“Our experience with the traditional ‘screening model’ in which low level eye care workers identify patients with visual impairment and refer them on for more definitive care is that very few patients follow that advice. Furthermore, because their diagnostic skills are limited, these health workers may turn away all but the most advanced cataract patients and refer irreversibly blind patients for surgery, resulting in inconvenience and disappointment.”
This excerpt, taken from a 2005 article reviewing experience from two rural cataract surgery programs in east Africa, resonates with me as I ruminate over the news that our new group of local volunteers just returned from the second implementation of SEER Project, exactly one year after we had launched it for the first time. Two key differences about this year’s project. First, although my generous funding through Swarthmore’s Lang Center had expired with my graduation, we were able to secure funding from Google through their Fifth Annual Social Entrepreneurship Competition. Second, for a number of reasons, I was unable to return to China this summer, and was limited to coordinating via email and skype–which meant that all of the on-the-ground preparation and implementation was carried out by the local volunteer team and driven by one especially dedicated and amazing returning team member. Bravo to their efforts.
Now that they’ve returned from the internet black hole that is rural China, I’m looking forward to hearing details of their trip–mostly about the successes they had, but also about the challenges they faced. And if past experience is any indicator of the present state of affairs, I’m willing to bet certain challenges intrinsic to a Village Health Worker-driven screening model will remain, which brings me back to the opening excerpt of this post:
1. Only a minority of patients will follow the screening advice. It’s usually bad taste to cite oneself, but since it’s the only published figure from the region I could find: it appears that only about 30% of patients referred for cataract surgery ultimately show up at the hospital–and that’s for screenings done by ophthalmologists, who have more credibility than VHWs.
2. Not all of the patient referrals will be accurate. It’s an unavoidable reality when personnel shortages require you to train VHWs with little understanding of the myriad eye diseases that can make a cataract patient “unfit for surgery”. Based on numbers from last year, about half of the patients referred by VHWs were not deemed eligible for surgery, either because the cataract was not “mature” enough yet for the doctors to feel comfortable operating, or because another eye condition (like diabetic retinopathy) had already done significant permanent damage to the retina, making removal of the cataract pointless.
These challenges can be incrementally reduced by improving the quality of training, clarifying criteria for referral, exploring innovative ways to build trust between VHWs and villagers, etc. I’m hoping that the successful completion of this year’s program, led and implemented by local volunteers, represents a promising first step toward more opportunities to do all of the above in the future. But above all, the SEER program was never designed to replace the ophthalmologist-led outreach screening sessions, only supplement it. Unfortunately, with the end of the funding for the pilot outreach program that was started back in 2010, we’re already starting to hear from some of the hospital directors that they plan to stop carrying out screenings.

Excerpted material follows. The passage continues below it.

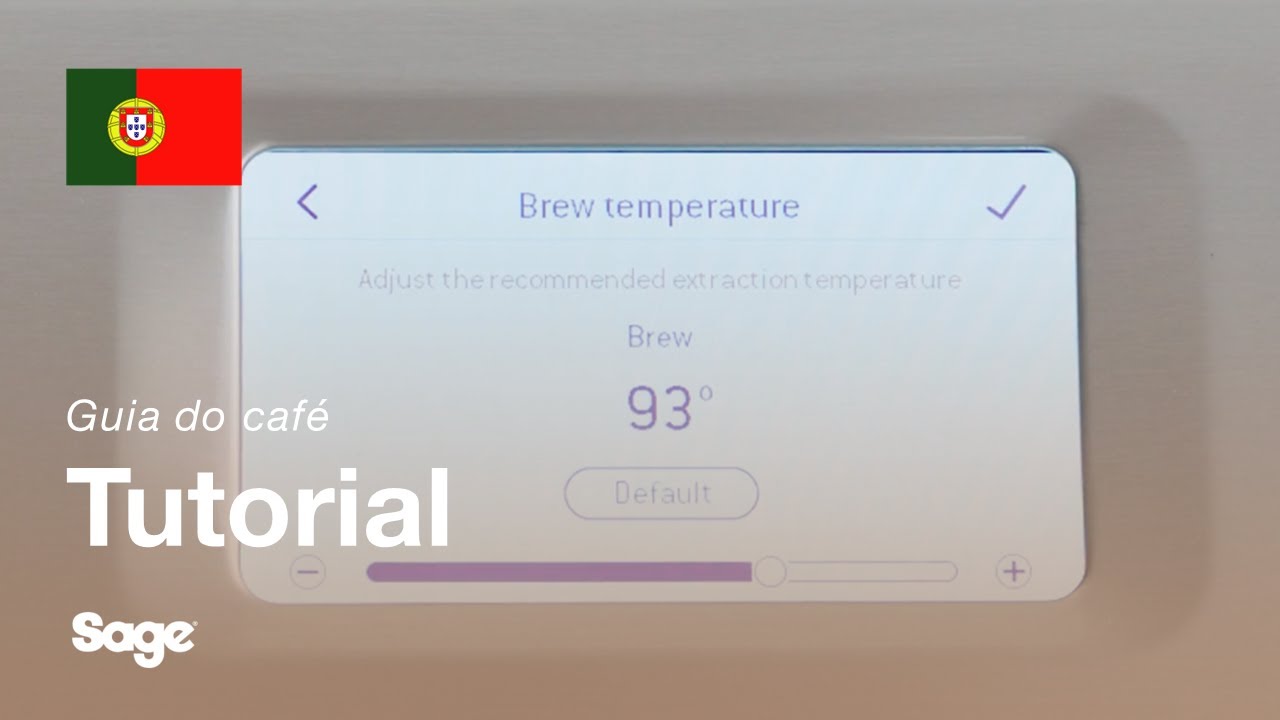 Como ajustar a temperatura da bebida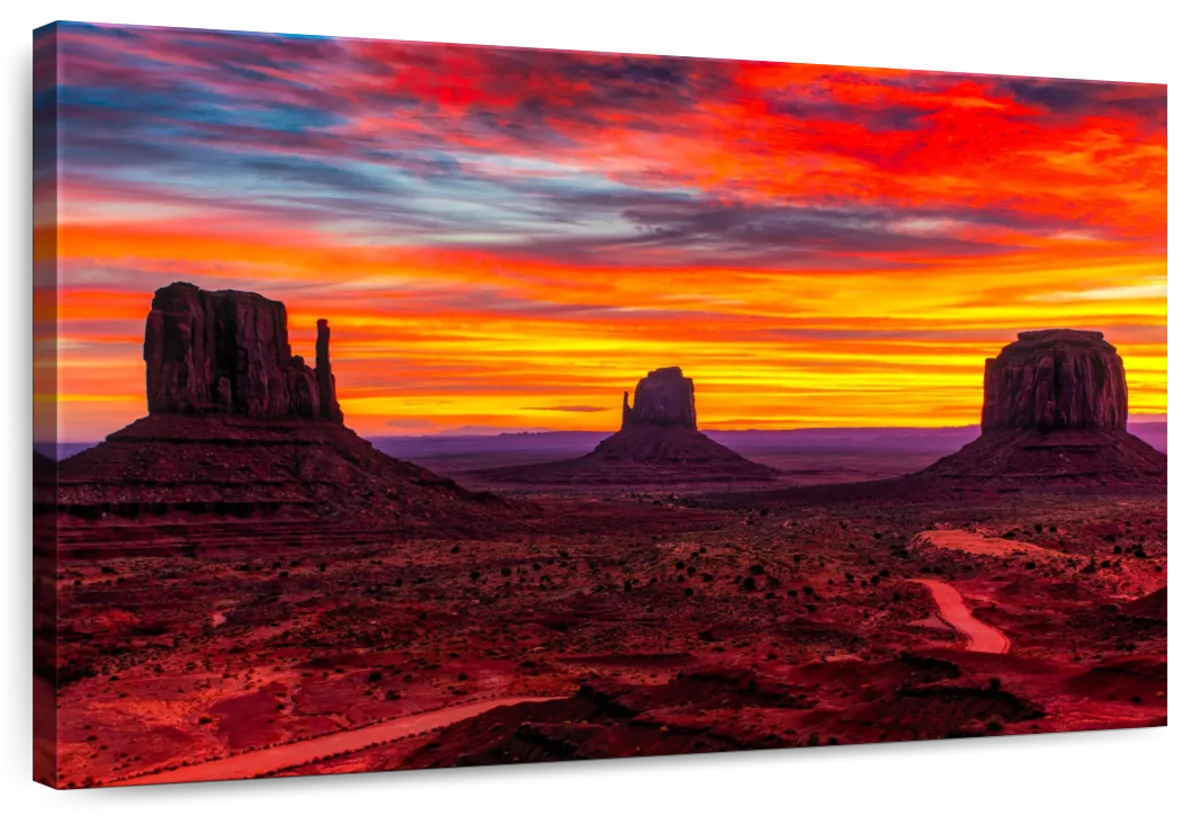 Monument Valley At Sunset Wall Art choice of styles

Which would be a real shame, considering that they haven’t yet reached what I believe to be their full potential, exemplified by the extensive programs by hospitals such as Aravind and Sankara Nethralaya in India, which can reach surgical volumes of 300-400 patients. A day. And while I still remember hospital directors from two years ago telling me that the India model will never work in China because China is “different”, I think the difference begins in the attitudes held by those with the power to do something about it. “Clinicians are part of the teams in the field and at the hospitals, but they are not expected to run the programmes,” writes the article about the two east African programs. It was the same in India, where they had entire staff and project managers dedicated to reaching out to community partners and working to make sure every day on the calendar was filled with patients ready for surgery. In China, it’s done by already-overworked (and undercompensated) doctors, doctors who were probably the first to advocate for putting the screening programs on the chopping block.
The sense that I get is that the hospitals in China dipped their toe into the waters of community eye care, were skeptical of the initial results, and jumped right back on land. Unlocking the full potential of outreach screening programs would require going the whole nine yards: hiring specific program management staff, clearly defining separation of responsibilities, setting up regularly scheduled screenings (instead of doing it “when patients run out”, as is currently done), and fostering a network of community partners with direct access to the patients who can play a counseling and follow-up role–VHWs, for example. We’re currently working on writing up an analysis of focus group research exploring ways to improve the success of a rural cataract surgery program. No spoilers here, but I’ll just mention that while the surgeons are still the most important part of any cataract surgery program, much more attention will need to be focused on the role of hospital management and non-physician personnel.